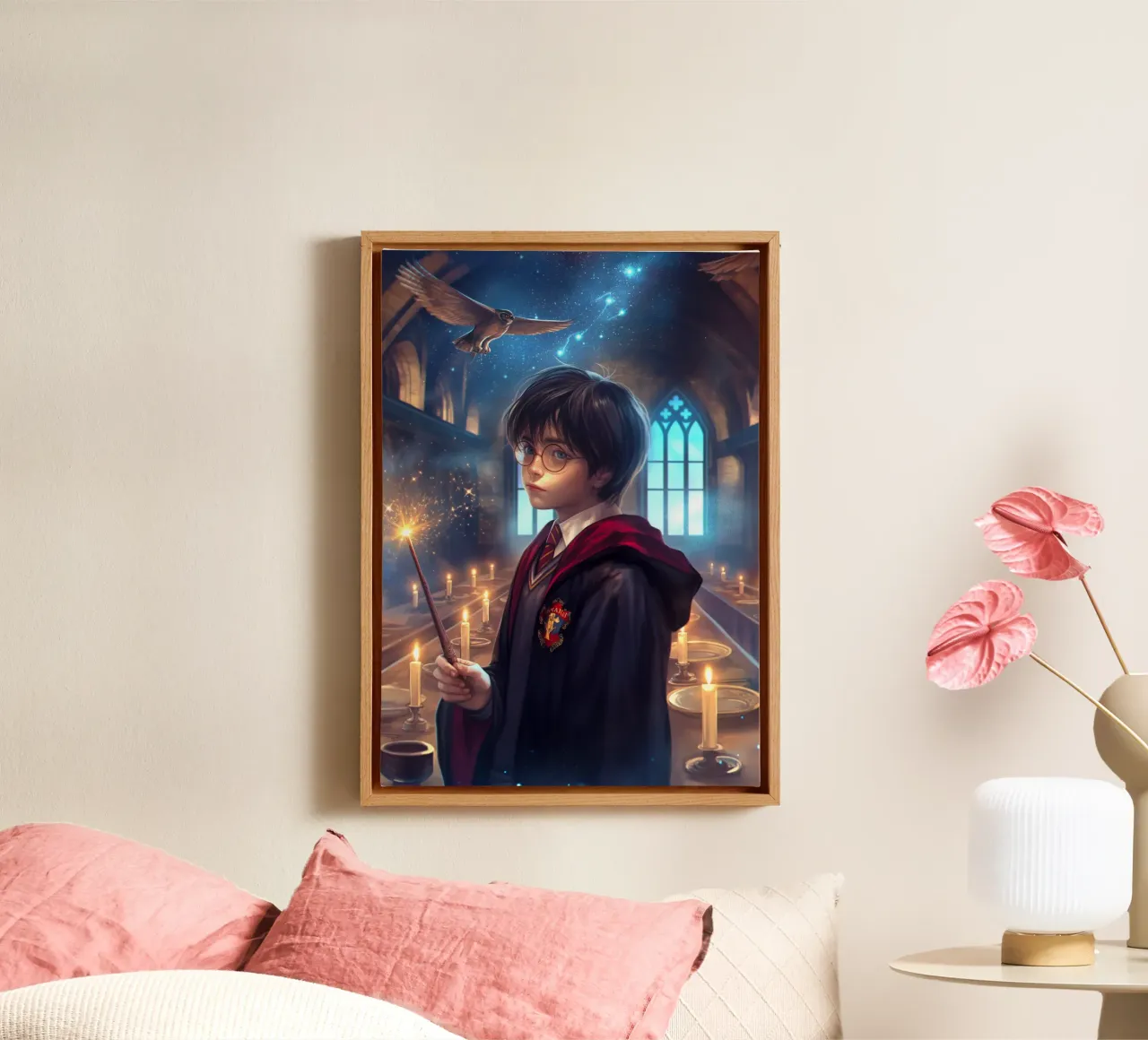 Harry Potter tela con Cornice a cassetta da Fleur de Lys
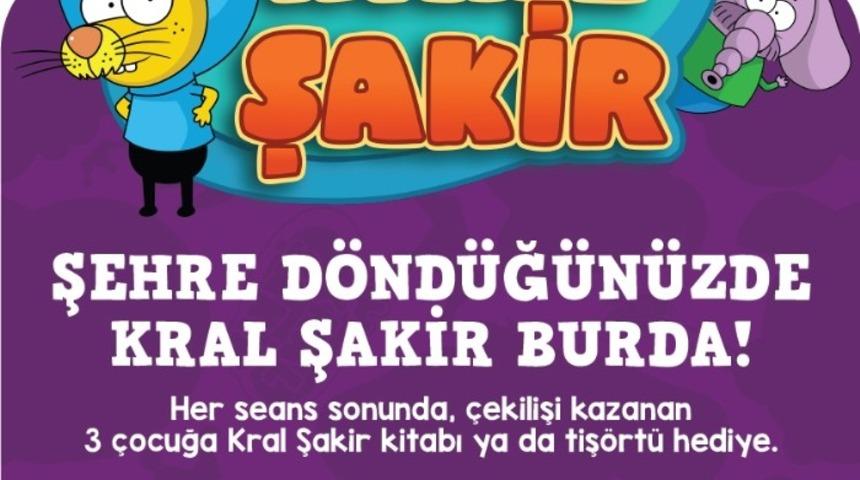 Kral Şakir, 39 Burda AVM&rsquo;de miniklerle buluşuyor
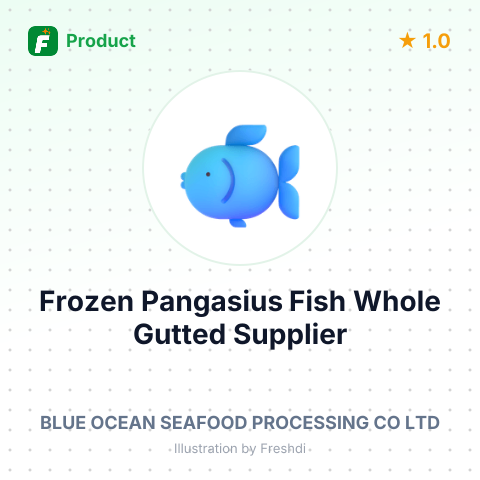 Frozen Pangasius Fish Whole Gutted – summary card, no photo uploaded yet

• [Task statement]:
In your answer, give every line of the listing above exactly, and do not include the images.

• [Output of the exercise]:
 Harry Potter tela con Cornice a cassetta da Fleur de Lys
 Kral Şakir, 39 Burda AVM&rsquo;de miniklerle buluşuyor
 Frozen Pangasius Fish Whole Gutted – summary card, no photo uploaded yet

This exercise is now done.